The one thing that shatters relationships and ruins friendships more than any other is expectations. When we say that someone is not meeting our ‘needs’, we usually mean that he is not living up to our expectations. True needs are very few, but expectations are limitless.
When a person’s behaviour does not match your expectations, you can try to change their behaviour, or you could let go of your expectations. The first is an exercise in frustration and causes untold damage to relationships. The second is also difficult, but possible and worthwhile. Learn to let go.
1. Identify faulty assumptions in your expectations
For some reason, when we get close to a person, we start to demand that this person acts in a certain way. We reason that “if you loved me, you would…” This type of reasoning is based on two faulty assumptions:
a. That love can be defined in a certain way
b. That the other person agrees with this definition
Neither assumption is reasonable, and once you accept that your way of thinking is not the only right way, you’ll find it easy to reject the assumption and therefore adjust or even completely drop your expectations.
2. Seek to understand the other person
People show love in different ways, as explained by Gary Chapman in his excellent book The 5 Love Languages: words of affirmation, acts of service, quality time, gifts, and physical touch. Someone else may speak a love language that you do not understand because your love language is different.
When you travel to another country that speaks a different language from yours, the locals may not understand what you are trying to say to them. In the same way, when someone tries to love you in their own way, it is you who may not understand. This does not mean that they are not trying. It is not their actions that you need to change, it is your understanding.
3. Observe others carefully
When you stop expecting a certain behaviour from others, you free yourself to see more clearly. You will start to observe what they actually do, instead of constantly seeing the gap between what they do and what you want them to do.
For example, if you expect your child to obey your instructions quietly and he starts to question you, you may get upset because he doesn’t meet your expectation of what a ‘good boy’ is. If you drop this expectation and listen to his questions instead, you may pick up on a specific fear he has which is causing him to resist your instruction. When you see more clearly, you can respond more effectively.
4. Recognise the consequences of your expectations
You would probably be upset if somebody loved you only when you behaved a certain way. Children who grow up with this kind of conditional love become insecure adults who try too hard to please. Spouses who feel they are not good enough for their partners may seek acceptance in somebody else’s arms.

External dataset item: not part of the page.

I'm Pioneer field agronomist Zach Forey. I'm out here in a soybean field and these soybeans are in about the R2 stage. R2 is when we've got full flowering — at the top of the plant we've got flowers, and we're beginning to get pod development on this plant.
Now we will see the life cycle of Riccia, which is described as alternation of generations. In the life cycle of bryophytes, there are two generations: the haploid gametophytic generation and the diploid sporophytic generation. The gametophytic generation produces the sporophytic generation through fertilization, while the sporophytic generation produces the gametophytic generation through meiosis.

Relationships are not transactions. If you’re in a relationship because of what you get out of it, it is a transaction. We all have needs that have to met, but it is futile to expect the other person to meet these needs. It is easy to let go of expectations once we accept responsibility to meet our needs ourselves, and are in a relationship not for what we can get but for who we can be.
5. Ask for agreement
If an expectation you have is important because it touches on non-negotiable values or morality, seek to convert that expectation into an agreement. Agreements are not expectations. Expectations exist in your own mind, often without the knowledge of the other person. Agreements are explicit verbal commitments by both parties on a set of acceptable and unacceptable behaviours.

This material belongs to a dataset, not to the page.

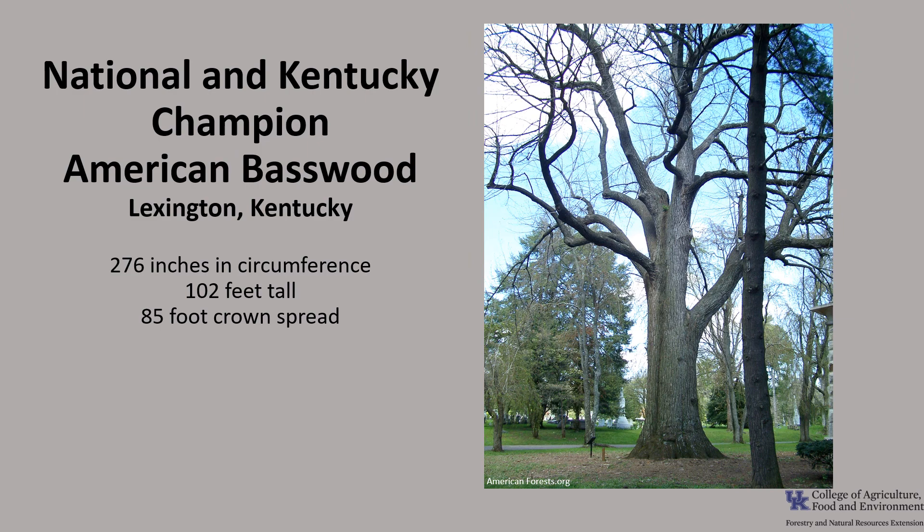The National Champion, as well as the Kentucky Champion American Basswood, is in Lexington, Kentucky at the Lexington Cemetery. It is 276 inches in circumference, 102 feet tall, with an 85-foot crown spread. If you'd like to know more about champion trees, go to the American Forest Champion Tree National Register or check out the Kentucky Division of Forestry Champion Trees.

Decide on what is non-negotiable to you. Highlight these to the other person and explain why it is so important. I’ve found that calm discussions work much better in this case than yelling matches. Be very specific about the behaviours you expect and ask if the other party agrees. Be prepared to return the favour. Once both have agreed, honour the groundrules.

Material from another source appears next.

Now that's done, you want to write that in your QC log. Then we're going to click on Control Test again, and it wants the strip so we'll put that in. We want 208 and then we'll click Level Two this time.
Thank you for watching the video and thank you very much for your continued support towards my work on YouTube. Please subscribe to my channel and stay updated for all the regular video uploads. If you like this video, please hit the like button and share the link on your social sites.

If you cannot convert a non-negotiable expectation to an agreement, you’ll have to make a tough choice. You have to decide whether to let go of the expectation or the person. Personally I think that a flesh-and-blood person is almost always more worth holding on to than an expectation that exists only in my mind.
Let go of your expectations. I’m still working on this myself, but the few times I have managed to let go have been truly liberating. With one simple change of thinking, you free two people at one time. The other person is free from having to behave in a certain way, and you are free to love better. Letting go is hard, but definitely worth it.
45 replies on “Let Go Of Expectations”
[…] is another great article on living with no expectations, and it describes in steps how you can do so. A great one to read, and worth your time […]
Rather than going into the new year by sticking a ‘resolutions’ list on the fridge, I’ll display a ‘non-negotiables’ list to keep me on track:)
J
I have been in a stable relationship for 3 years. I know eventually i would want to get married and have children, however i am not to sure if my partner feels the same way. At times he seems to agree with my idea and other times it just feels like he wants to run away.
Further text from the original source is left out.